§ Exercise instructions
Reproduce each of the following records without any deviation.
───
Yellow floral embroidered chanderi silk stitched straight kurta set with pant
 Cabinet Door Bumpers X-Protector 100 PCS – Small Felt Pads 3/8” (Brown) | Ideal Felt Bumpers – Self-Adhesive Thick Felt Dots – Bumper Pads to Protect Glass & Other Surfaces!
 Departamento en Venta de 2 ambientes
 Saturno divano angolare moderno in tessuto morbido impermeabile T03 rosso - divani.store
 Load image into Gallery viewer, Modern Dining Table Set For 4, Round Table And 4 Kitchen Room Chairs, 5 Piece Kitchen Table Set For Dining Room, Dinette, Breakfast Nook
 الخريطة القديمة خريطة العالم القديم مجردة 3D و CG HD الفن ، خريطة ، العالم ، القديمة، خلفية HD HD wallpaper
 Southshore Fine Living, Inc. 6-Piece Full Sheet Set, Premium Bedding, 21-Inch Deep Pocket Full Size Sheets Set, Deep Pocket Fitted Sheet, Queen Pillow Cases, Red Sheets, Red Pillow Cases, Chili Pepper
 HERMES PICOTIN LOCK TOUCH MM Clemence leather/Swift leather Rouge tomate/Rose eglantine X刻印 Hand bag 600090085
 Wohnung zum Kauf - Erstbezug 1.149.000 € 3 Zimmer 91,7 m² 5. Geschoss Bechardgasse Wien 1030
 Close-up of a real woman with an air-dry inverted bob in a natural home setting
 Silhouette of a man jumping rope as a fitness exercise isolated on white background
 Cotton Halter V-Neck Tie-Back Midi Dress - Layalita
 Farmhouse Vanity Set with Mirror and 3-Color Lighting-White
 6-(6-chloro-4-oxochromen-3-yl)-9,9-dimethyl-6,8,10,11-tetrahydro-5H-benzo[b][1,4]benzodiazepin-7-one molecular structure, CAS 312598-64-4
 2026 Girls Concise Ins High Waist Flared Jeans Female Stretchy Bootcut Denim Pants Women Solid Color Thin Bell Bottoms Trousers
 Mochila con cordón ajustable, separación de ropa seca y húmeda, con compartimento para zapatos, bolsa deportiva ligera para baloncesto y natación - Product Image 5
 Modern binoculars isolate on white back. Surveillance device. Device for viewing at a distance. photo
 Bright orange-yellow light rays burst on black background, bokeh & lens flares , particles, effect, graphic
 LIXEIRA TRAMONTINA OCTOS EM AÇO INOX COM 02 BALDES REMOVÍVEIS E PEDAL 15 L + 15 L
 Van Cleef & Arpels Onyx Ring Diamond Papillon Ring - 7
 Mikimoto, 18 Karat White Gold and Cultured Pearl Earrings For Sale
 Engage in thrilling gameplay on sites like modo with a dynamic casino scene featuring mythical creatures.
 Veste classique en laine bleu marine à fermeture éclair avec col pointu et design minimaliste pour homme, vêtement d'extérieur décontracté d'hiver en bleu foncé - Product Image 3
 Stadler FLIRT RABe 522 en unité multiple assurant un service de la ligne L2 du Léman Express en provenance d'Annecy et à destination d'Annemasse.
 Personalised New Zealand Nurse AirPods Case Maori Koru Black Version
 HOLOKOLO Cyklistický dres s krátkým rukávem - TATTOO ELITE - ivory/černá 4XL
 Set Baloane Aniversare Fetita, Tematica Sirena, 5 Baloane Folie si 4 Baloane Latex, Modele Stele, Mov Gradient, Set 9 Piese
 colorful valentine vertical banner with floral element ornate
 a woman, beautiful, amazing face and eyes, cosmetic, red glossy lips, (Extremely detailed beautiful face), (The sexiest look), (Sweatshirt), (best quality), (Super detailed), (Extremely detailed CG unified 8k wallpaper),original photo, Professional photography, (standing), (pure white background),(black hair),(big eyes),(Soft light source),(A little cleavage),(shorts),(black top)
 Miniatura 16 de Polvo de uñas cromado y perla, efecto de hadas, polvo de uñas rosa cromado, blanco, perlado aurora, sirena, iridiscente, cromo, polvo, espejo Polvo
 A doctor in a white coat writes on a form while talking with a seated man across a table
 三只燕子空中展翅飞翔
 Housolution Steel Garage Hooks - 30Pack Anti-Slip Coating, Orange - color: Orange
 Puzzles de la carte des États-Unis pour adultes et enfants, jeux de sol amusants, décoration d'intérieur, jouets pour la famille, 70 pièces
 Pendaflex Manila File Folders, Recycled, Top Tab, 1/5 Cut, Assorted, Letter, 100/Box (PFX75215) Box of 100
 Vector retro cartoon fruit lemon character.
───
§ Answer to the exercise
Yellow floral embroidered chanderi silk stitched straight kurta set with pant
 Cabinet Door Bumpers X-Protector 100 PCS – Small Felt Pads 3/8” (Brown) | Ideal Felt Bumpers – Self-Adhesive Thick Felt Dots – Bumper Pads to Protect Glass & Other Surfaces!
 Departamento en Venta de 2 ambientes
 Saturno divano angolare moderno in tessuto morbido impermeabile T03 rosso - divani.store
 Load image into Gallery viewer, Modern Dining Table Set For 4, Round Table And 4 Kitchen Room Chairs, 5 Piece Kitchen Table Set For Dining Room, Dinette, Breakfast Nook
 الخريطة القديمة خريطة العالم القديم مجردة 3D و CG HD الفن ، خريطة ، العالم ، القديمة، خلفية HD HD wallpaper
 Southshore Fine Living, Inc. 6-Piece Full Sheet Set, Premium Bedding, 21-Inch Deep Pocket Full Size Sheets Set, Deep Pocket Fitted Sheet, Queen Pillow Cases, Red Sheets, Red Pillow Cases, Chili Pepper
 HERMES PICOTIN LOCK TOUCH MM Clemence leather/Swift leather Rouge tomate/Rose eglantine X刻印 Hand bag 600090085
 Wohnung zum Kauf - Erstbezug 1.149.000 € 3 Zimmer 91,7 m² 5. Geschoss Bechardgasse Wien 1030
 Close-up of a real woman with an air-dry inverted bob in a natural home setting
 Silhouette of a man jumping rope as a fitness exercise isolated on white background
 Cotton Halter V-Neck Tie-Back Midi Dress - Layalita
 Farmhouse Vanity Set with Mirror and 3-Color Lighting-White
 6-(6-chloro-4-oxochromen-3-yl)-9,9-dimethyl-6,8,10,11-tetrahydro-5H-benzo[b][1,4]benzodiazepin-7-one molecular structure, CAS 312598-64-4
 2026 Girls Concise Ins High Waist Flared Jeans Female Stretchy Bootcut Denim Pants Women Solid Color Thin Bell Bottoms Trousers
 Mochila con cordón ajustable, separación de ropa seca y húmeda, con compartimento para zapatos, bolsa deportiva ligera para baloncesto y natación - Product Image 5
 Modern binoculars isolate on white back. Surveillance device. Device for viewing at a distance. photo
 Bright orange-yellow light rays burst on black background, bokeh & lens flares , particles, effect, graphic
 LIXEIRA TRAMONTINA OCTOS EM AÇO INOX COM 02 BALDES REMOVÍVEIS E PEDAL 15 L + 15 L
 Van Cleef & Arpels Onyx Ring Diamond Papillon Ring - 7
 Mikimoto, 18 Karat White Gold and Cultured Pearl Earrings For Sale
 Engage in thrilling gameplay on sites like modo with a dynamic casino scene featuring mythical creatures.
 Veste classique en laine bleu marine à fermeture éclair avec col pointu et design minimaliste pour homme, vêtement d'extérieur décontracté d'hiver en bleu foncé - Product Image 3
 Stadler FLIRT RABe 522 en unité multiple assurant un service de la ligne L2 du Léman Express en provenance d'Annecy et à destination d'Annemasse.
 Personalised New Zealand Nurse AirPods Case Maori Koru Black Version
 HOLOKOLO Cyklistický dres s krátkým rukávem - TATTOO ELITE - ivory/černá 4XL
 Set Baloane Aniversare Fetita, Tematica Sirena, 5 Baloane Folie si 4 Baloane Latex, Modele Stele, Mov Gradient, Set 9 Piese
 colorful valentine vertical banner with floral element ornate
 a woman, beautiful, amazing face and eyes, cosmetic, red glossy lips, (Extremely detailed beautiful face), (The sexiest look), (Sweatshirt), (best quality), (Super detailed), (Extremely detailed CG unified 8k wallpaper),original photo, Professional photography, (standing), (pure white background),(black hair),(big eyes),(Soft light source),(A little cleavage),(shorts),(black top)
 Miniatura 16 de Polvo de uñas cromado y perla, efecto de hadas, polvo de uñas rosa cromado, blanco, perlado aurora, sirena, iridiscente, cromo, polvo, espejo Polvo
 A doctor in a white coat writes on a form while talking with a seated man across a table
 三只燕子空中展翅飞翔
 Housolution Steel Garage Hooks - 30Pack Anti-Slip Coating, Orange - color: Orange
 Puzzles de la carte des États-Unis pour adultes et enfants, jeux de sol amusants, décoration d'intérieur, jouets pour la famille, 70 pièces
 Pendaflex Manila File Folders, Recycled, Top Tab, 1/5 Cut, Assorted, Letter, 100/Box (PFX75215) Box of 100
 Vector retro cartoon fruit lemon character.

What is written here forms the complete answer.